Lo farò prendendo a riferimento il “Manifesto del lavoro – Democratizzare, Demercificare, Disinquinare” scritto nel 2020 da 12 ricercatrici e docenti universtarie di paesi e discipline diverse e sottoscritto in poche settimane da oltre 3000 docenti e ricercatori/ricercatrici di oltre 650 istituzioni accademiche di tutto il mondo. E’ stato pubblicato in 12 lingue su 43 quotidiani in cinque continenti e dalle Éditions du Seuil con il titolo “Le Manifeste Travail. Démocratiser – Démarchandiser – Dépolluer”, che comprende approfondimenti su parti specifiche del Manifesto scritti dalle ricercatrici che lo hanno redatto. L’edizione italiana del testo delle Edition du Seuil è stata pubblicata nel 2022 da Castelvecchi editore con la la prefazione di Maurizio Landini, segretario generale della CGIL che motiva le ragioni della propria adesione al Manifesto sottolineandone l’importanza. (…)  per proseguire aprire l’allegato che si conclude con queste domande

  • Concordano CGIL CISL e UIL sugli obiettivi proposti a livello mondiale dal Manifesto per il lavoro?

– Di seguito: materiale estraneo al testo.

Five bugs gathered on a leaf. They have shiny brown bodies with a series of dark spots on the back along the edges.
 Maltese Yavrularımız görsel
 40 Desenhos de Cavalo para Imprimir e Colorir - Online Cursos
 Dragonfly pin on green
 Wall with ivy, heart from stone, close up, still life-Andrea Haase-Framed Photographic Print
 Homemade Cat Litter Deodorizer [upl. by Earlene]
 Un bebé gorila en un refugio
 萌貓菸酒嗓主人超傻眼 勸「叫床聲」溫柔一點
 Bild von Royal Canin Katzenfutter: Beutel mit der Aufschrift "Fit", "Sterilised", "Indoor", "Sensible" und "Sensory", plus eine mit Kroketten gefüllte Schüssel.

  • Sono questi obiettivi che il segretario Sbarra intende indicare quando dichiara che: “la priorità strategica della Cisl per i prossimi mesi e anni, è favorire una svolta dolce ma decisa nell’economia del Paese, grazie a un diverso rapporto fra lavoratori e imprese pubbliche e private”?
  • Se la risposta alle domande che precedono è affermativa è urgente passare dalle parole ai fatti. Ora
  • tocca ai dirigenti delle tre organizzazioni sindacali tradurre affermazioni di principio in una concreta, forte e coerente azione sindacale unitaria. Ci si può sperare, o questa è solo un’utopia?

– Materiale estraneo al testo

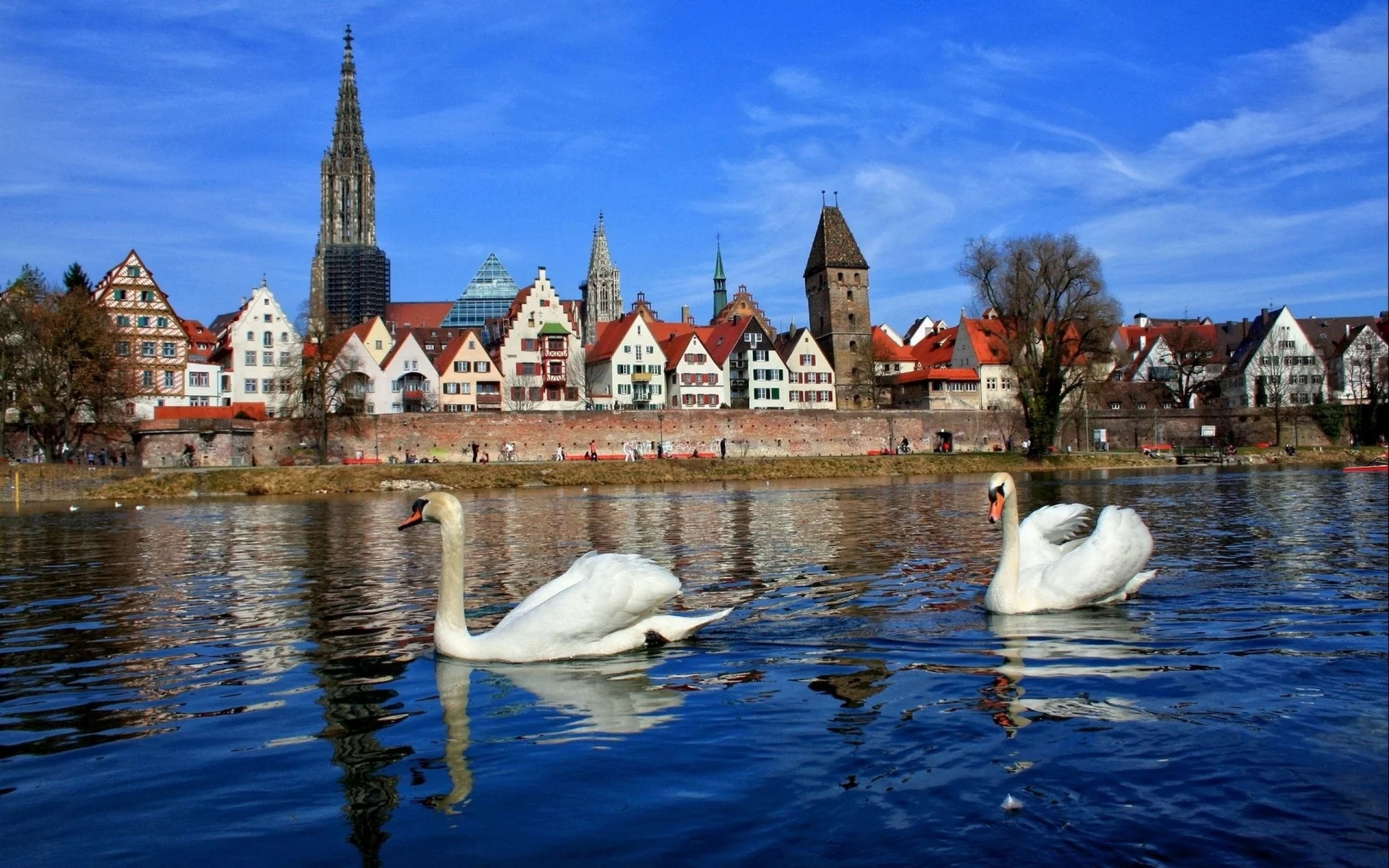 бавария, город, река, лебеди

Come redazione di Sindacalmente esprimiamo non pochi dubbi sui tempi e sulla modalità dell’iniziativa della Cisl che si sovrappone alla mobilitazione unitaria di primavera per sostenere in un clima politico difficile una impegnativa e onerosa piattaforma rivendicativa unitaria verso il governo Meloni.

  • Su quali fatti si basa l’affermazione di Sbarra che “Il tempo è maturo per far evolvere il rapporto tra impresa e lavoro nel solco di una più solida democrazia economica”? L’imperativo delle aziende quotate è ancora quello della scuola americana di assicurare la creazione di valore all’azionista, poi segue il resto.

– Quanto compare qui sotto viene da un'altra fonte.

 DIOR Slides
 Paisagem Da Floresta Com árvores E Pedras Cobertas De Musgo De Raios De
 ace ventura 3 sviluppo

  • Tempi maturi anche per un’iniziativa di singola organizzazione? Quando per una  simile impegnativa materia sarebbe più idonea la sede del Cnel per un confronto e per costruire una proposta unitaria tra sindacati e imprenditori.

Temiamo che l’iniziativa Cisl – frettoloso e verticistica – possa trasformarsi in un diversivo rispetto alla piattaforma sindacale unitaria, utilizzabile strumentalmente da un governo che certamente ha nelle sue corde richiami ad antiche esperienze corporative, però lontane dalla partecipazione attiva dei lavoratori.